XIX

Two days later, we were once more on the road, Frater, Belle Soeur and I. We were going up over the Faulhorn to Lake Brienz on the other side, and just because it was so easy to step out of our back door and start up the slope and we had no prick of a train to catch, we lingered around over last words and last preparations a good hour longer than we should have done. And for some reason that day we did not walk with our usual snap. So we reached the summit at tea-time instead of at lunch-time.

It had been a very beautiful trip up, with the Grindelwald valley sinking lower and lower, and the white peaks behind the Eiger and Wetterhorn opening up more and more. The Schreckhörner are wonderfully impressive from this view and the Finsteraarhorn attains nearly the majesty that belongs to it. The early part of the way the prospect is framed by the fir trees through which one looks. Above the tree belt the foreground is still by no means lacking in picturesque incidents, chief among which are the cold round little Bach lake and the jagged Röthihorn and Simelihorn peaks.

On the summit, which is nearly nine thousand feet high, there is a very solid little stone hotel constructed to withstand the terrible storms which sweep over so exposed a spot. Toward Lake Brienz the drop is very steep,—almost precipitate at first. One looks way over to Lake Lucerne, Pilatus and Rigi. But when we came there that region was covered with fleecy white clouds, which looked like a great churned-up foamy lake, with little mountain-peak islands rising above it here and there. The effect was singularly beautiful—much more so than any topographic clearness could have been.

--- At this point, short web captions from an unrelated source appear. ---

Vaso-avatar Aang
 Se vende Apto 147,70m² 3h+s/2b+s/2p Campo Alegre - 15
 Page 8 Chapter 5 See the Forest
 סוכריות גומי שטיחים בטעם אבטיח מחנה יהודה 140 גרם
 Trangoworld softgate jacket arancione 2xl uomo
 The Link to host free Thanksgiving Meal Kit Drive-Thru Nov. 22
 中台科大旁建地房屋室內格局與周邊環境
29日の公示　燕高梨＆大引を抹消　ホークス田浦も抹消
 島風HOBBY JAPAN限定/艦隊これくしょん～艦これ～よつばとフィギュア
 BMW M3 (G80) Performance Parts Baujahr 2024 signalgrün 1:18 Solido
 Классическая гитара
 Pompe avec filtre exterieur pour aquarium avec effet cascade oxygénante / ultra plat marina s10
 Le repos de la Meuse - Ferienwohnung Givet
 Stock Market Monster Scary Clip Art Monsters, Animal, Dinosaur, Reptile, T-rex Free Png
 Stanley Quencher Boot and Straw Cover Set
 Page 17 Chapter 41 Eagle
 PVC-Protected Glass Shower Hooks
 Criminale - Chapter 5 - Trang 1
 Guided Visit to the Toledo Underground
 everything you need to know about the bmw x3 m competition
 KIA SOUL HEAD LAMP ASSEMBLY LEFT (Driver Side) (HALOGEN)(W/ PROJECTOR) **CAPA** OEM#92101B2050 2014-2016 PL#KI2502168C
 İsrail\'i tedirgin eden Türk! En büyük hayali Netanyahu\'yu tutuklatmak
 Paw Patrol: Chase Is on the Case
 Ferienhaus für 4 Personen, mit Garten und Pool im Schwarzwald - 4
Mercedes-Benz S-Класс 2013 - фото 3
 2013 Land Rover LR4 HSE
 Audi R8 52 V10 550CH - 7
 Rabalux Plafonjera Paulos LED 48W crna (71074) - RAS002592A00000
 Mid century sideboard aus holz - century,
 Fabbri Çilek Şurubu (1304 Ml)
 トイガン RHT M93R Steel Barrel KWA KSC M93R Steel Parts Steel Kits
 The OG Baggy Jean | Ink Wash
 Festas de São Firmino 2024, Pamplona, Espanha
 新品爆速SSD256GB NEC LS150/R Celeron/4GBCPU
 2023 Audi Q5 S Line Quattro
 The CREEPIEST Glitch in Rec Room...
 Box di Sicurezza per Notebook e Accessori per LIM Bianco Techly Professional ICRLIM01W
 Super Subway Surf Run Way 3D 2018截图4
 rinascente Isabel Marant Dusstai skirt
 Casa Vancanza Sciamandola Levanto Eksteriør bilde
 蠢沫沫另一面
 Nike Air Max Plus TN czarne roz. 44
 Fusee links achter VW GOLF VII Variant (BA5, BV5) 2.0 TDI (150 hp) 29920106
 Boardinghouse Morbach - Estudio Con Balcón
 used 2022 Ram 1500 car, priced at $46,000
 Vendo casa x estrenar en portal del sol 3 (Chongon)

As we drank our tea and enjoyed the view, we made inquiries of the proprietor as to our path downward to Giessbach on Lake Brienz. He tried to dissuade us from attempting it, saying the path was long, rough, and hard to find, and we could not possibly get there before dark. He said that professional delicacy prevented his urging us to remain where we were over-night, which would obviously be the most sensible thing to do, so he would suggest our going to the Schynige Platte, where we could arrive before dark and have a fine path all the way. The Schynige Platte is an excursion place on a lower spur of the Faulhorn ridge, connected by rack and pinion railway with Interlaken. We had resolutely kept away from it all summer and had no notion of visiting it now. Neither did we want to stay all night at the Faulhorn. So we resolved to try for Giessbach and trust to luck to get some shelter if we did not make our destination.

The proprietor disapprovingly pointed out our route as far as he could. No one had been that way for some days, and in the meantime there had been a heavy fall of snow, so the first part of our progress was not rapid, as we sunk half-way to the knees at each step.

After passing a curious rocky pinnacle like an upward-pointing finger, which had been our first land-mark, we got rid of the snow and were able to descend quite rapidly across a rock-strewn plain. It was here that we heard the Whistling Marmots and marked one more of our life ambitions achieved.

I do not know why we had yearned so intensely all summer for whistling marmots, but we had,—even more than for edelweiss, which is too obvious. Baedeker has a way of mentioning them in very solitary places like the Gries Pass or the Rawyl, but we had never met them as scheduled. We had seen a marmot in captivity in Grindelwald, but he was a very sad and depressed little furry beast who would never have dreamed of whistling. But here, when we were least thinking of them, we must have walked right into a marmot colony. We heard their little voices calling to each other, whistling unmistakably, and saw them scurrying to their holes among the rocks as we approached.